Once is not custom, the OECD devoted in its report on the French economy, yesterday, a large chapter on the reforms carried out since 2007 and the arrival of Nicolas Sarkozy in the Elysee Palace. It welcomes many sites engaged in accordance with the recommendations of the previous report of the Organization, two years ago. "Even in a country like the France, he Nicolas Sarkozy showed that reform was possible and that no sector was untouchable", explained yesterday Alain de Serres, authors and Peter Jarrett. As wished by the OECD, the France began to reform its labour market, even if the single contract was rejected: exemption from charges for the additional hours, breach of contract conventional, in place of pole job, incentives for the employment of senior citizens, the 35-hour relaxation, creation of the RSA, etc.
OECD welcomes also "significant" reforms in education and research (autonomy of universities, agency evaluation research, reform of the CNRS, credit tax research, etc.), but also those to stimulate competition through the modernization of the economy law: the competition authority, negotiability of prices in distribution, etc.

Past this said, the OECD is much more critical on the cost and effectiveness of the reforms, who, more often, do not went as far that initial intentions. Thus, the Brasilia France - it very indented in terms of hours worked per employee and especially employment (youth, seniors). The OECD advocates raising the legal age of retirement, a relaxation of the legislation on layoffs, and notes that "the maintenance of the legal duration of work 35 hours had corollary to a costly tax exemption for public finance for hours worked beyond that point, the efficiency must be carefully assessed."
"Potential for abuse".
Number of measures are marked by effects of boon for businesses or are diverted from their purpose. The OECD is concerned including the "potential for abuse" conventional breakdown system, "which allows to separate seniors in good balance and the cost of unemployment insurance.

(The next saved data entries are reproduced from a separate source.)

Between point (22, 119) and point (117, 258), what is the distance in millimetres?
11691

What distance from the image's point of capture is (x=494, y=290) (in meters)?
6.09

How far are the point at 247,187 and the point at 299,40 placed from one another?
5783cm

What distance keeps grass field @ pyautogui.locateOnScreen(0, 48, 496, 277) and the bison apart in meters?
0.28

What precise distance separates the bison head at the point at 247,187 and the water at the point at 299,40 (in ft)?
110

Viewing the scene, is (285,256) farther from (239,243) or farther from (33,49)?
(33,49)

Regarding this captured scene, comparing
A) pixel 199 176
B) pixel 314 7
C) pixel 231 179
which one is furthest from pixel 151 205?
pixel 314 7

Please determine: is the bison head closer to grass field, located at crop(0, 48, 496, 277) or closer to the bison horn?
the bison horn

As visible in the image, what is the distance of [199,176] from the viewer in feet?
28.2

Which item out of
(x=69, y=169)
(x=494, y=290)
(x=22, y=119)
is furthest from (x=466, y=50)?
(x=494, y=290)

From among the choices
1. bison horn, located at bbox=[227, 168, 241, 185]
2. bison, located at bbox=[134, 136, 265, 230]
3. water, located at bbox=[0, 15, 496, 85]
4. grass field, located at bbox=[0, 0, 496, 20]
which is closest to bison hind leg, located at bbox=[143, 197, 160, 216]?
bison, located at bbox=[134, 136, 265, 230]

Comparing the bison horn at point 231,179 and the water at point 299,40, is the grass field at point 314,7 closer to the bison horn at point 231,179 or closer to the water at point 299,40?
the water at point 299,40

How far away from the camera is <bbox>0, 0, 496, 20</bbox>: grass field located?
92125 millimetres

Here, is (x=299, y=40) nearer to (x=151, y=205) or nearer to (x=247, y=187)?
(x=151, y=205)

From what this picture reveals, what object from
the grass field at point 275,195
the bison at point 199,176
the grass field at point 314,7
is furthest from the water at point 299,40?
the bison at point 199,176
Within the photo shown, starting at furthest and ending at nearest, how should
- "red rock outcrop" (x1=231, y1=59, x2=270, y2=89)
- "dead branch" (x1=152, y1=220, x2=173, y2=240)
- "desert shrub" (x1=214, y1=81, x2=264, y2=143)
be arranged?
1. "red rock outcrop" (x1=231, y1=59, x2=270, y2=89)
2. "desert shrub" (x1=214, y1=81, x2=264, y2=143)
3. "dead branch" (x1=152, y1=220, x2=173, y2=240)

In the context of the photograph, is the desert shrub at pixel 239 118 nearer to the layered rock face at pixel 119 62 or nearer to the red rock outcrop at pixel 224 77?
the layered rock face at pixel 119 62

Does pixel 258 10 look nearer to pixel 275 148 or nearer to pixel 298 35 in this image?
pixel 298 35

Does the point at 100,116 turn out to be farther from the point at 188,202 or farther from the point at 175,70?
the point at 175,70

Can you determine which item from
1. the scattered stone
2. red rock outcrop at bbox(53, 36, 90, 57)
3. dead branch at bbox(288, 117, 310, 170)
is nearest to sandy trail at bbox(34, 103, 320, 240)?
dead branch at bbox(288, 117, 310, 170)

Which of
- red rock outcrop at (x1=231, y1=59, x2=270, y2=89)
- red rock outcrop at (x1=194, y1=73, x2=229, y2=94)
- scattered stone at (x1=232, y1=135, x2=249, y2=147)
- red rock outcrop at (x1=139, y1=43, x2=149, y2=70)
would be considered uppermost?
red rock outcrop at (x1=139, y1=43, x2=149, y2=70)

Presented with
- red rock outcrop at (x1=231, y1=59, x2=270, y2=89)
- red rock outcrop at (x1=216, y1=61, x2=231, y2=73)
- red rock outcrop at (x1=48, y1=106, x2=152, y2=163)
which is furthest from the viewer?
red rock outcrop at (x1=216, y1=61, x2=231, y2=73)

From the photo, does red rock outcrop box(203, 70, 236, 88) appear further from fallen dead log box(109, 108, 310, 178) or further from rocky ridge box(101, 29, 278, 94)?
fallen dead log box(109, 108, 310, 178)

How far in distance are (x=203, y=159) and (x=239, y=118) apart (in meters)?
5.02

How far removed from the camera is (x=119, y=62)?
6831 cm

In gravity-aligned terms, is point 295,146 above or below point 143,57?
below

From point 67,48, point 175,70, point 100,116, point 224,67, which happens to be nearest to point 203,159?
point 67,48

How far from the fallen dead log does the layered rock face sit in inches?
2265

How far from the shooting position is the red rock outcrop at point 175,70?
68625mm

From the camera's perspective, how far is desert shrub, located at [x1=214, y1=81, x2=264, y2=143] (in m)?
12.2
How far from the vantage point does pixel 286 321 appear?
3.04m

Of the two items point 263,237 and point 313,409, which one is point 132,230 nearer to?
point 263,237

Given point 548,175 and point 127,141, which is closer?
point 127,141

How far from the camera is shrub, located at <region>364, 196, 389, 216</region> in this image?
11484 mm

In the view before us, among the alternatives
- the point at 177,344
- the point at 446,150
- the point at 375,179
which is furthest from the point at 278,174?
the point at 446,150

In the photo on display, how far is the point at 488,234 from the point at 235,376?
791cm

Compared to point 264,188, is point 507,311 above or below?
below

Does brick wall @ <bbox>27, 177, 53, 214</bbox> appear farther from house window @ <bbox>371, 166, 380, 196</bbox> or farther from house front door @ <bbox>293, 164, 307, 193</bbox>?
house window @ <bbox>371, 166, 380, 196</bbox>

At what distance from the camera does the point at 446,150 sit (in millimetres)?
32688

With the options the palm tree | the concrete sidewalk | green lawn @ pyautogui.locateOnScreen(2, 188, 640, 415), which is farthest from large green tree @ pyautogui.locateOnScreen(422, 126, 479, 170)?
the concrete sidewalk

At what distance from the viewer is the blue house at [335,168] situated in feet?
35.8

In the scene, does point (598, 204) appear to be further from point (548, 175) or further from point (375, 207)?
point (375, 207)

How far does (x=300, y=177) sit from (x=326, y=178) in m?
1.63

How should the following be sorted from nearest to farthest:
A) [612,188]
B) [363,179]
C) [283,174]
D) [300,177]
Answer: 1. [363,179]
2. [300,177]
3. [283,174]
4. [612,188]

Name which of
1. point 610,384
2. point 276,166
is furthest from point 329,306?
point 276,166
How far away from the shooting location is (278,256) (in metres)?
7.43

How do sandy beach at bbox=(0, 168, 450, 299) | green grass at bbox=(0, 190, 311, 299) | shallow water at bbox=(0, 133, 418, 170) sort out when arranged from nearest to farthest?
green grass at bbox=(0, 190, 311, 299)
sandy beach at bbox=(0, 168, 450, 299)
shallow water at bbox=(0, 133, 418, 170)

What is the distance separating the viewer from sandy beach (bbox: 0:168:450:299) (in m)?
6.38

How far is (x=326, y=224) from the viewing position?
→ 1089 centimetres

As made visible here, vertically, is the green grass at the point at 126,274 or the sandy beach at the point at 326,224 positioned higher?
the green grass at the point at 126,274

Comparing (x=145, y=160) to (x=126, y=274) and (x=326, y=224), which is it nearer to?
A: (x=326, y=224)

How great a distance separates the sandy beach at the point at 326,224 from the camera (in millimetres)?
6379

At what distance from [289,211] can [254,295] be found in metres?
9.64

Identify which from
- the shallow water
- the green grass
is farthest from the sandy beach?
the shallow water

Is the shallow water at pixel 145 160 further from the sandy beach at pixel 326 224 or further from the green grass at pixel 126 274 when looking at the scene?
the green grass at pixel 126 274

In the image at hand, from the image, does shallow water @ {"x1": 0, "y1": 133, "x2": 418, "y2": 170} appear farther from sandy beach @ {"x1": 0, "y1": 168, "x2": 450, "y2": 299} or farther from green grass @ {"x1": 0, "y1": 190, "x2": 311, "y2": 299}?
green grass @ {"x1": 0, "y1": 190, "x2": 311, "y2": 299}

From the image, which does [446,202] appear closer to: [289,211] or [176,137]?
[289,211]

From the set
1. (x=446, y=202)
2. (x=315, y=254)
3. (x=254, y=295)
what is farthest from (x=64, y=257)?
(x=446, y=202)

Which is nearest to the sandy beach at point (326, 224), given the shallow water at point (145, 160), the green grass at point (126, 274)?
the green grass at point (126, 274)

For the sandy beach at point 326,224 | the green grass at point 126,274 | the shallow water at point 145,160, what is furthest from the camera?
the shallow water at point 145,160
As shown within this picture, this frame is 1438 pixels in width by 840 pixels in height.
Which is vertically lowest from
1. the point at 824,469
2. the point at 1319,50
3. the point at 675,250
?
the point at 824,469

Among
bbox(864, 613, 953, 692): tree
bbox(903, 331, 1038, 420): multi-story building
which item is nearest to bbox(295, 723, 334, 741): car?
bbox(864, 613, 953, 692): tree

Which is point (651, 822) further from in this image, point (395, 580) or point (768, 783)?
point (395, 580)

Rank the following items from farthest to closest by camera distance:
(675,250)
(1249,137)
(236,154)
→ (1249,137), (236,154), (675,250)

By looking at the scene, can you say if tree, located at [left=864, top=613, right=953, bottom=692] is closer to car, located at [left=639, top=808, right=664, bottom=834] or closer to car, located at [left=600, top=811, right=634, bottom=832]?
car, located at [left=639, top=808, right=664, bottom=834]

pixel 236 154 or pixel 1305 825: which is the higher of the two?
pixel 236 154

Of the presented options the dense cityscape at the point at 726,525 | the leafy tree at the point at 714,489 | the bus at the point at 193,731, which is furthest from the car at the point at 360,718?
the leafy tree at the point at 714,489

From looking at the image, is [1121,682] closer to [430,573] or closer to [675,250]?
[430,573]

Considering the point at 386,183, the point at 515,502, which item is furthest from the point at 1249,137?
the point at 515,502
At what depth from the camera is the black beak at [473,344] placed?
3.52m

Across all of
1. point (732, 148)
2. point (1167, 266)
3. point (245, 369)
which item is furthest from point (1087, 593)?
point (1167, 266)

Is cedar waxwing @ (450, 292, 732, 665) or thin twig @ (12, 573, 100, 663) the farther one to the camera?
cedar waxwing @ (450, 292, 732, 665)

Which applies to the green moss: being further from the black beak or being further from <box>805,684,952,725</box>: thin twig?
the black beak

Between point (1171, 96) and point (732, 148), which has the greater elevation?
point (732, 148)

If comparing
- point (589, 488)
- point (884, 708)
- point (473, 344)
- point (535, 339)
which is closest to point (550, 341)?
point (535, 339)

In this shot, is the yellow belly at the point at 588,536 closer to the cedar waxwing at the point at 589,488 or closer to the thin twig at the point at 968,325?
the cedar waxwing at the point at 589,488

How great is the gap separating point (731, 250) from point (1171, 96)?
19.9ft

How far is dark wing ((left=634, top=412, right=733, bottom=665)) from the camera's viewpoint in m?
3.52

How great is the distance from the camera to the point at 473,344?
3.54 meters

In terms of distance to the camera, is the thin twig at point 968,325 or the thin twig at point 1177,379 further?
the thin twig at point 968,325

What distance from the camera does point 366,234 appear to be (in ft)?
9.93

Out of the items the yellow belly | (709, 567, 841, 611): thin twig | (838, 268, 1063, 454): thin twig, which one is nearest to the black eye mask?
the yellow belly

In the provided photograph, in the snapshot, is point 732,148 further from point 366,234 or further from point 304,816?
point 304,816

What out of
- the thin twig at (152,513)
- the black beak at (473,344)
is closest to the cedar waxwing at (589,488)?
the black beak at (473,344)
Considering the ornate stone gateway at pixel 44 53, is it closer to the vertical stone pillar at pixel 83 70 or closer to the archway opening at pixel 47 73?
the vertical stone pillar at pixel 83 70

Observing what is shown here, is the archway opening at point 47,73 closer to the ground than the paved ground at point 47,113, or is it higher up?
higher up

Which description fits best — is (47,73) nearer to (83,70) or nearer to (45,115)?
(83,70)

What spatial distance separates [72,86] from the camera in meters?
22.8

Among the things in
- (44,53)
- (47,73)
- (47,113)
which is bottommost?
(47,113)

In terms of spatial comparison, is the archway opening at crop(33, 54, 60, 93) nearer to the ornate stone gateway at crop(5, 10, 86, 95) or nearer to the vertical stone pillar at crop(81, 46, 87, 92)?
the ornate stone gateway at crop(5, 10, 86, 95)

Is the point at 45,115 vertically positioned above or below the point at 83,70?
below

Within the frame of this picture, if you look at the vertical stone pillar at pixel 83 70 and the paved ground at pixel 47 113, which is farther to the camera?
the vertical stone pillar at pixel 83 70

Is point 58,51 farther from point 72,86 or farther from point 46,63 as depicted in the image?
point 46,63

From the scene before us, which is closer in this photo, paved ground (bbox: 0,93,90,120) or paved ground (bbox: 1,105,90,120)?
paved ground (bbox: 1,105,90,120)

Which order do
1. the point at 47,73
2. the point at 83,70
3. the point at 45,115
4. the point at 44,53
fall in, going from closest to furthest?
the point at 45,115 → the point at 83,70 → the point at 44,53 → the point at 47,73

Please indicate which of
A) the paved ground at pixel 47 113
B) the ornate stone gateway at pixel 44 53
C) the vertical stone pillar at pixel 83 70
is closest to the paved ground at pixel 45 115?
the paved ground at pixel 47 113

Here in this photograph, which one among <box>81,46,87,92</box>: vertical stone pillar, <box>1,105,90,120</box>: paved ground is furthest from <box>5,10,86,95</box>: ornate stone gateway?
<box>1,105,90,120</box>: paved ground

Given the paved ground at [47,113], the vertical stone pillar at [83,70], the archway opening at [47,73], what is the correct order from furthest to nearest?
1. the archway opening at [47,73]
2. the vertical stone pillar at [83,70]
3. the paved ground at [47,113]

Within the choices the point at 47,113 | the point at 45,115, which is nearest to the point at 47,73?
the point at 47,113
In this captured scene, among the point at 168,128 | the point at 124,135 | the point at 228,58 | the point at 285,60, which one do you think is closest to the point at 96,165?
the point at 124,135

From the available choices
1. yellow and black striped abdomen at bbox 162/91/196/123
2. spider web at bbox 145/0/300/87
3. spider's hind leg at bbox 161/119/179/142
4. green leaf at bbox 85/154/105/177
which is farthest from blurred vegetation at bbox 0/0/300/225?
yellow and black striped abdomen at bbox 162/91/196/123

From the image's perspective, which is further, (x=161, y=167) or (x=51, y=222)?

The research tax credit is "one of the most generous devices among the OECD countries" and must prove "what he led to an increase in the intensity of research". Another example: the creation of the RSA should be accompanied by a refocusing of the premium for the job, which would have avoided the creation of a tax.
In its new recommendations, the OECD asked the France to go further in reforms to develop competition, in "repealing purely and simply" Royer-Raffarin laws on commercial urbanism and in attacking the regulated professions (physios, barbers, pharmacists, architects, accountants, etc.).
More generally, the "relief" of competitiveness through a reduction in tax and social charges. How to do whereas the OECD provides a public deficit of 8.3 of GDP in 2010 and that it considers "urgent to implement a reduction program" deficit "when well" All tax niches should be passed to the fine comb. And the essential effort should focus on the decrease in expenditures of social security and local communities, the General review of public policies (RGPP) was spared. The economies of the RGPP "seem much small in proportion to the magnitude of public expenditure (less than 1)" . The France, if it is penalized by the weight of its taxation, has similarly to an asset from its neighbours: the impact of the crisis there is less and the OECD "advocates not of second stimulus package".